:: Extracted records ::

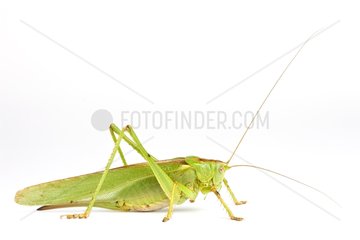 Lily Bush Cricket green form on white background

:::
:: Extracted records ::

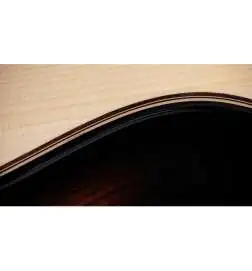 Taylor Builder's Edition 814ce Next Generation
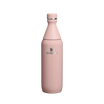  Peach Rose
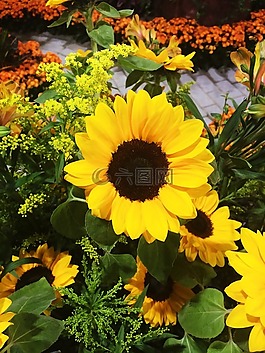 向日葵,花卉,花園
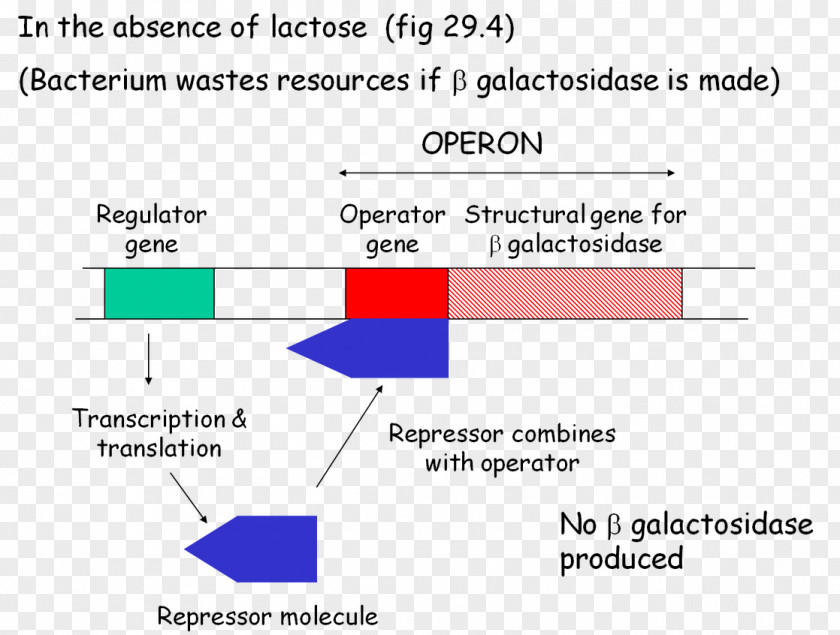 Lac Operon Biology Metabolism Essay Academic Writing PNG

:::

Everything between and including the line above containing "Taylor Builder's Edition" and the line containing "Lac Operon Biology" should be reproduced exactly, with pictures excluded.

 Taylor Builder's Edition 814ce Next Generation
  Peach Rose
 向日葵,花卉,花園
 Lac Operon Biology Metabolism Essay Academic Writing PNG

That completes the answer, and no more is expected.